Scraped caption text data
************
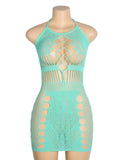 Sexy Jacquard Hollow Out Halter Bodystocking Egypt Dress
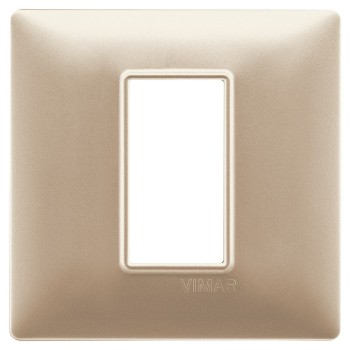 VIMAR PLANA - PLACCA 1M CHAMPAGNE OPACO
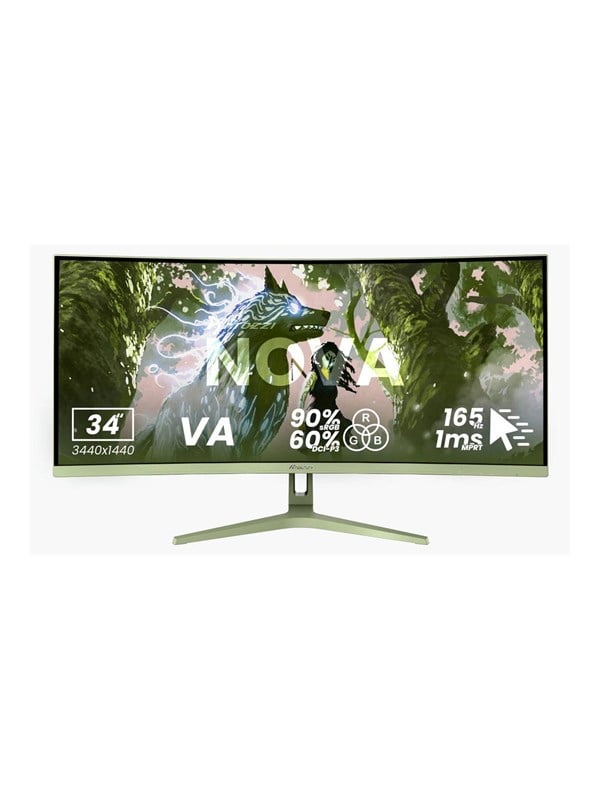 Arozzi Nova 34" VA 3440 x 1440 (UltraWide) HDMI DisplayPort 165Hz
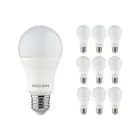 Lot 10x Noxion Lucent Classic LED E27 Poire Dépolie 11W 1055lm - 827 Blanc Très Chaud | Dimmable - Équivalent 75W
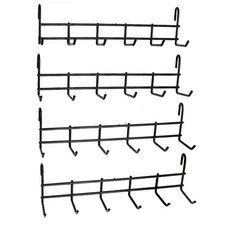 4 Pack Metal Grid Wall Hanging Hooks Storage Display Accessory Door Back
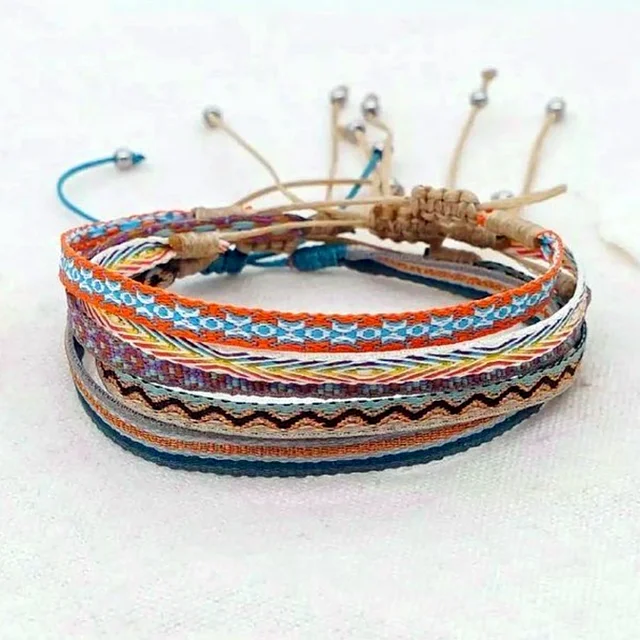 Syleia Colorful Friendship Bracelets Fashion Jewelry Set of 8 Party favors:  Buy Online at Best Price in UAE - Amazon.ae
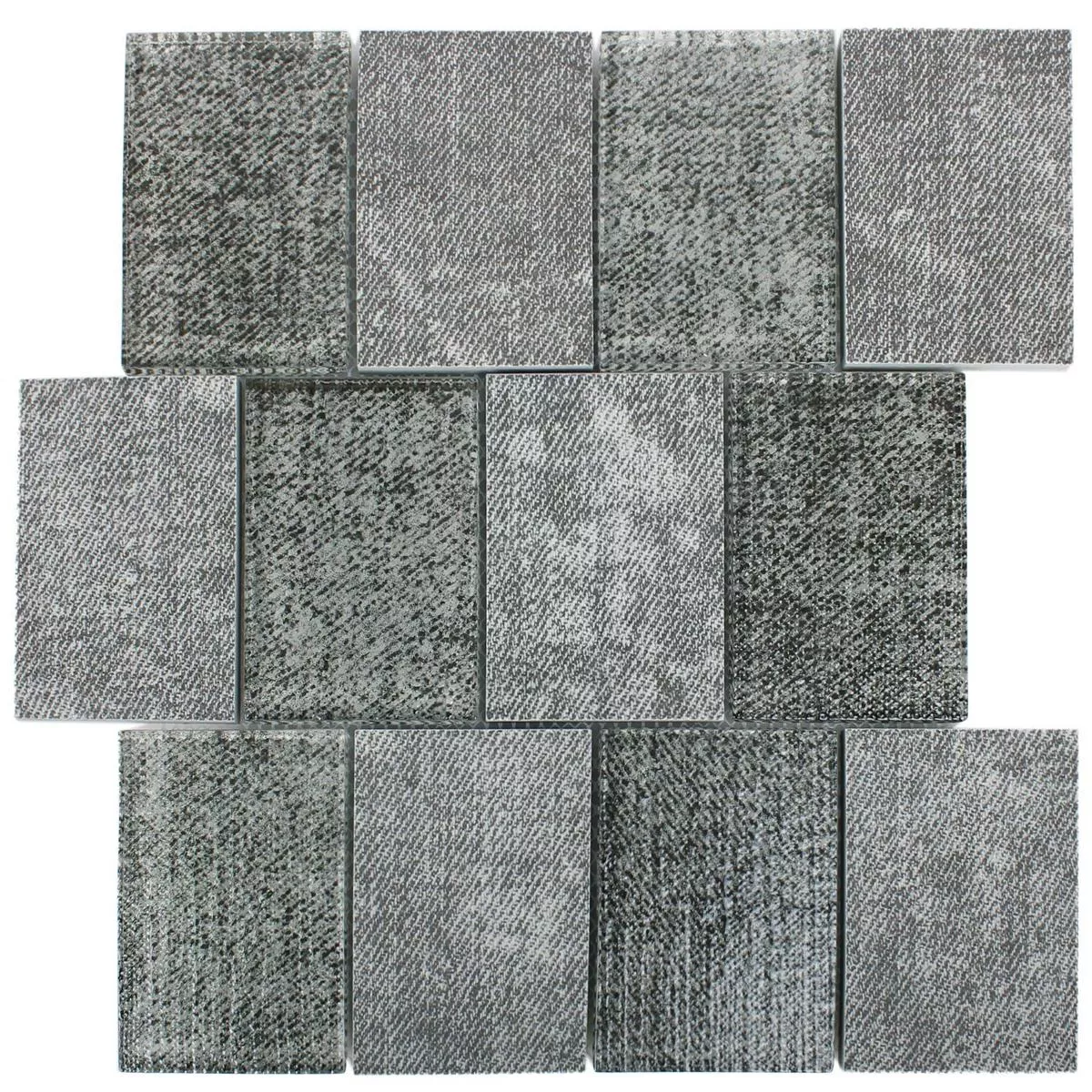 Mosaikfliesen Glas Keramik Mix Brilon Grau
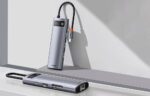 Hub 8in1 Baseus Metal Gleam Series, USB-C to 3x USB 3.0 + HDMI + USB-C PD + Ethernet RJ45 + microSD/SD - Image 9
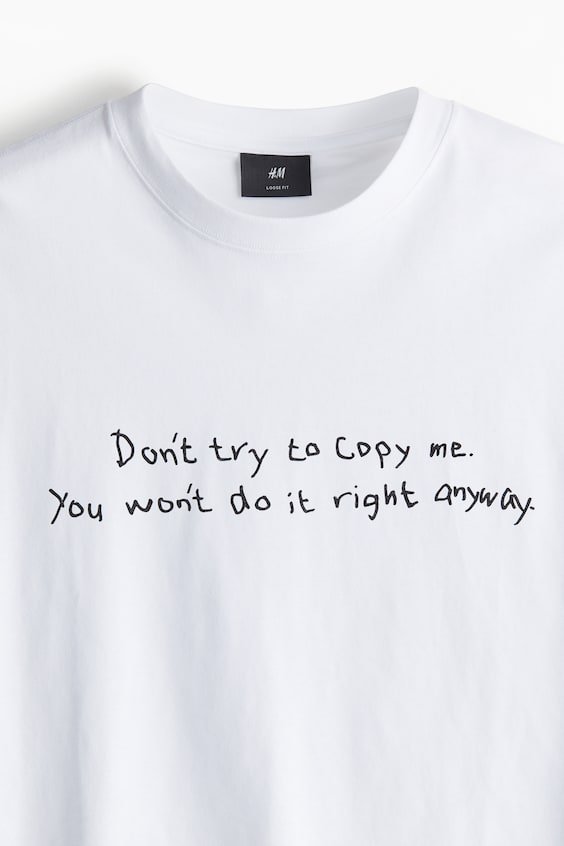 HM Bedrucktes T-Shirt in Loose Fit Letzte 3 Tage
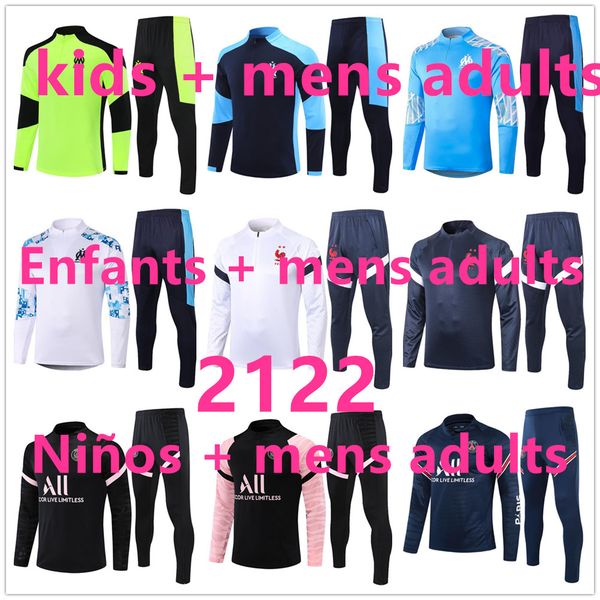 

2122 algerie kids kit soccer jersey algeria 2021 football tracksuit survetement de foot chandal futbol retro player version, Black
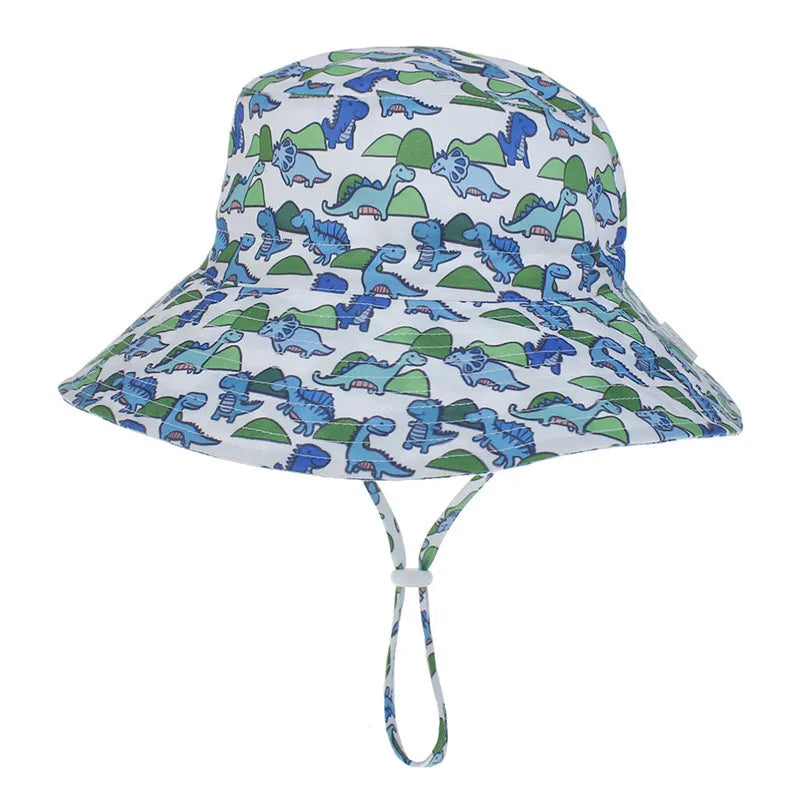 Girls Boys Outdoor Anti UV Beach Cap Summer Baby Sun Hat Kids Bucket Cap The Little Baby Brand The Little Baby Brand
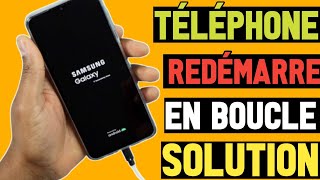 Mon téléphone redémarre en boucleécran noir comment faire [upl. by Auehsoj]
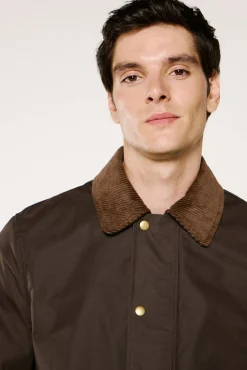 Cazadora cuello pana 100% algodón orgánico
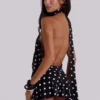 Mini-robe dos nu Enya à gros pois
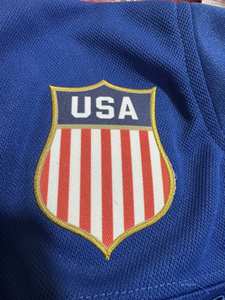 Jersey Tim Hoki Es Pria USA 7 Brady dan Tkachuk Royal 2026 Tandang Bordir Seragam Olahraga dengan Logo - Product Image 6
************
• [Work order]: Repeat the lines above, starting at the first and stopping after the line that holds "Mosaikfliesen Glas Keramik Mix Brilon Grau", with the pictures left out.

• [Exercise solution]:
 Sexy Jacquard Hollow Out Halter Bodystocking Egypt Dress
 VIMAR PLANA - PLACCA 1M CHAMPAGNE OPACO
 Arozzi Nova 34" VA 3440 x 1440 (UltraWide) HDMI DisplayPort 165Hz
 Lot 10x Noxion Lucent Classic LED E27 Poire Dépolie 11W 1055lm - 827 Blanc Très Chaud | Dimmable - Équivalent 75W
 4 Pack Metal Grid Wall Hanging Hooks Storage Display Accessory Door Back
 Syleia Colorful Friendship Bracelets Fashion Jewelry Set of 8 Party favors:  Buy Online at Best Price in UAE - Amazon.ae
 Mosaikfliesen Glas Keramik Mix Brilon Grau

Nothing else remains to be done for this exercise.